Ice Bucket funds made it possible to add an American arm to Project MinE, a global consortium for ALS genetics research that is the largest whole-genome sequencing effort of its kind. With the help of hundreds of researchers from dozens of institutions, the group, led by Landers, was able to identify a mutation related to ALS in the NEK1 gene, which plays a role in DNA damage repair and other cell functions. The group also discovered a mutation in the gene KIF5A that causes ALS.
Meanwhile, the ALS Research Collaborative (ARC), run by the nonprofit ALS Therapy Development Institute, also hit the ground running in 2014 after receiving funds from the challenge. It began collecting clinical and longitudinal data from more than 800 ALS patients and is now the longest-running natural history study of the disease, according to Carol Hamilton, vice president of development at ALS TDI.
Just last month, the group launched its ARC Data Commons program, which gives anyone in the world access to that data and will help scientists develop treatments to help slow, stop, or reverse ALS at a much faster pace.
“We would not have had the money to advance those programs into what they are today, and do it without sacrificing the rest of our work, had those ice buckets not fallen,” Hamilton says. “Sharing data with researchers around the world can raise the tide for every ship.”
There’s still more work to be done
Despite the Ice Bucket Challenge’s tsunami-like impact on ALS research, scientists agree much more work is needed to cure the disease. The first step: make ALS livable by 2030.
“We have to shift our science to keep up with the pace of change,” Thakur says. “Now that there are new therapies, we have to figure out how these therapies can work together, as well as how people can afford them and get treated in a timely manner. Both of those things are really hard.”

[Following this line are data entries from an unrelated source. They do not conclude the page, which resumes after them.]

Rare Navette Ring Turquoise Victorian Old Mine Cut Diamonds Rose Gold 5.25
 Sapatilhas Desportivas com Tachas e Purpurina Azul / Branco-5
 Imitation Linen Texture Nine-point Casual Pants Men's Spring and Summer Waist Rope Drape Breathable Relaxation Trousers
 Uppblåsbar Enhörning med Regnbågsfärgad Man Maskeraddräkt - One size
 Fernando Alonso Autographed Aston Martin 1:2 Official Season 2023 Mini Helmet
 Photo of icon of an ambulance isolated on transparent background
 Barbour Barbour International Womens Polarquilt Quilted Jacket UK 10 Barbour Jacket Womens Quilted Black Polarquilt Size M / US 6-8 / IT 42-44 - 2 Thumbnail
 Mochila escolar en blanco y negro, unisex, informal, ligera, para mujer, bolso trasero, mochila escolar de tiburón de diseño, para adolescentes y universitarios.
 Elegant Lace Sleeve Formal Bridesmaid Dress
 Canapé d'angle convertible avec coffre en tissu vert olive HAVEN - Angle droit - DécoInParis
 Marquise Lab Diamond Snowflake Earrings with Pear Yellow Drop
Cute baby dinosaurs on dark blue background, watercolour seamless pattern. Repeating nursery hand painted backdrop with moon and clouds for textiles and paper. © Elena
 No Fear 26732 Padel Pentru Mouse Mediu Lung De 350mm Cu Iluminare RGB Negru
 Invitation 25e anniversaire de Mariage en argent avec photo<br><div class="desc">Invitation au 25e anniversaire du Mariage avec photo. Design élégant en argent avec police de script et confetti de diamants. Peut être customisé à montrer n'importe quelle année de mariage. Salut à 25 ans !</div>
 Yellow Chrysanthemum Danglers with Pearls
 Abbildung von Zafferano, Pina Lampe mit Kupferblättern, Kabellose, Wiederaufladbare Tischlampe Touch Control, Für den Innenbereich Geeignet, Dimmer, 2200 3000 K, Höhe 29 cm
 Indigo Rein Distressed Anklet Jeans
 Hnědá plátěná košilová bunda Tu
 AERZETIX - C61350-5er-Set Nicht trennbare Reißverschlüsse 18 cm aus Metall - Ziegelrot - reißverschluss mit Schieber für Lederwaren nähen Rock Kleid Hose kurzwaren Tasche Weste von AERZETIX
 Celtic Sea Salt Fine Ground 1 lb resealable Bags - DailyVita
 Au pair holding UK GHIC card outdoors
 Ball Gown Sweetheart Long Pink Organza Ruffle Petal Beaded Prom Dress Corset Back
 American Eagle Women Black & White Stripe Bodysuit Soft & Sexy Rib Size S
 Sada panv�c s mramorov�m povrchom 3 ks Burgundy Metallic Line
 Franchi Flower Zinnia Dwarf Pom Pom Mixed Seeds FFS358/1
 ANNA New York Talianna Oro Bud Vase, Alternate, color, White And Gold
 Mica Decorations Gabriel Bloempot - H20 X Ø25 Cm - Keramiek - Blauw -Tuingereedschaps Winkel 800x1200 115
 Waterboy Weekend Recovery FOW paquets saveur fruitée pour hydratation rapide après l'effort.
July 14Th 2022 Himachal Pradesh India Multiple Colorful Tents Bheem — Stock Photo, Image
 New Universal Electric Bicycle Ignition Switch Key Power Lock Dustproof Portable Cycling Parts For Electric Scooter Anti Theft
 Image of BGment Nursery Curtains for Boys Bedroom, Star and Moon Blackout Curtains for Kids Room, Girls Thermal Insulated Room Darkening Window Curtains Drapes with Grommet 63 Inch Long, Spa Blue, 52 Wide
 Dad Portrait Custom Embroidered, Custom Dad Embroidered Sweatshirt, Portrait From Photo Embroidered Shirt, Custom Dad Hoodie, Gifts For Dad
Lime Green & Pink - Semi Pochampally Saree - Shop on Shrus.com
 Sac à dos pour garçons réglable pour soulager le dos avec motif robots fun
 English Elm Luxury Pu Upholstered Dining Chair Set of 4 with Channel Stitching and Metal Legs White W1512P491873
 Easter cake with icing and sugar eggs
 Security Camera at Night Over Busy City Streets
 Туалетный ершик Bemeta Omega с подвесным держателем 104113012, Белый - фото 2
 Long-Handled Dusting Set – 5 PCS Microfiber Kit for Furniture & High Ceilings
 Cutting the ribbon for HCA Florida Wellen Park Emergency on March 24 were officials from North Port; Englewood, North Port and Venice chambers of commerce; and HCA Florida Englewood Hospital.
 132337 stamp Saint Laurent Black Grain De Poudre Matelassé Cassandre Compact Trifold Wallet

Even before ALS took his son’s life, Quinn understood that it takes a village to help ALS patients navigate the complexities of the medical system. For years he’s been working closely with Quinn for the Win to raise money for ALS research and ALS members of his Yonkers community, ensuring their journey with the disease isn’t any harder than it needs to be.
“Pat would say, ‘Every day, no matter how much adversity you think you may have, find a reason to find your smile,’” Quinn says. “We don't want you to have a death sentence. We want to be able to say, ‘Yes, you have ALS, but there’s treatment and you can live a normal life.”
“This awareness we created back in 2014 is one of the major reasons ALS is still in the public eye,” he adds. “I promised my son I wouldn't stop fighting, either until I'm gone or ALS is, whichever comes first.”